Tonight has even a little more More than that: it’s also four years to the month since Vivvyanne Forevermore first stepped onto the San Francisco stage. It’s an auspicious moment, in other words, for one of Sigourney’s more ambitious Work MORE! undertakings to date (with the possible exception of next year’s planed tour of Work MORE! #4, but more on that below). Number five brings together (at CounterPULSE this weekend) a group of drag queens, visual artists, dancers and performance artists in an overlapping series of collaborative performance installations that do away with the usual proscenium setting in favor of a loosely compartmentalized stage that’s more like a haunted gallery.
“Logistically, I’ve never done anything like this at all,” says Sigourney, speaking at a SOMA café last week. “It’s going to be too hot, it’s going to be too loud, and it’s not going to be easy.” But then, he immediately adds, “that’s not any different from a drag bar.”
http://www.youtube.com/watch?v=xqhWyKkUgRI
The Work MORE! series has been chipping away at the wall between nightlife and theatrical performance through five iterations and counting, so maybe people will understand that without much prompting. “Hopefully people will realize how much agency they have.”

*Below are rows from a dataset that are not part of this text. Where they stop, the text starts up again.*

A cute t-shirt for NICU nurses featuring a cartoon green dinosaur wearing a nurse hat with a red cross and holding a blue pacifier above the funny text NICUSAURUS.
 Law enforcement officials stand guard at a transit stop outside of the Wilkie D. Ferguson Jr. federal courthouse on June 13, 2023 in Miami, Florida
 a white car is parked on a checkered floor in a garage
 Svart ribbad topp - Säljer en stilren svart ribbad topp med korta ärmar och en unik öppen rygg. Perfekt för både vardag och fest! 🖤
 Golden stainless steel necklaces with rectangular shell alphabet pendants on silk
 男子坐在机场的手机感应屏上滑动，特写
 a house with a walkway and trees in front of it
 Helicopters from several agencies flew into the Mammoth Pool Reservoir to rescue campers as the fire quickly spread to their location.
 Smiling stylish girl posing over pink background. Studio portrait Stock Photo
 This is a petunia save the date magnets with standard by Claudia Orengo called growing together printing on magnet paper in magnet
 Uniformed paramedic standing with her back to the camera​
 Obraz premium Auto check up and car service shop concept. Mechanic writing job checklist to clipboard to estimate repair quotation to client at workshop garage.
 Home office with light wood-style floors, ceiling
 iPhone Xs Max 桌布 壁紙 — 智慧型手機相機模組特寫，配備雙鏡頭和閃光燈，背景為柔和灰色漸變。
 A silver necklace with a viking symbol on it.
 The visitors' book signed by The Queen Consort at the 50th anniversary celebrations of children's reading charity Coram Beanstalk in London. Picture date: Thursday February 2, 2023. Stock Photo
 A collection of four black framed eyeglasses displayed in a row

As Work MORE! continues to grow in scope, it’s also grown in popularity, enough that Sigourney is able to float a little money in the direction of the artists. Not a lot yet, he admits, “but you don’t have to worry about buying your wig — and you can keep it afterwards.” Beyond the ambitious tour next year, Sigourney hopes to make Work MORE! a sustaining enterprise.
“I’d like it to be, not an institution, but a program that happens yearly or twice yearly that can support itself and can support the artists,” he says, explaining that that means supporting unique collaborations unlikely to take place anywhere else. “I mean Dean [Disaster] and Philip [Huang] as a collaborative team? I would never have thought of that,” marvels Sigourney.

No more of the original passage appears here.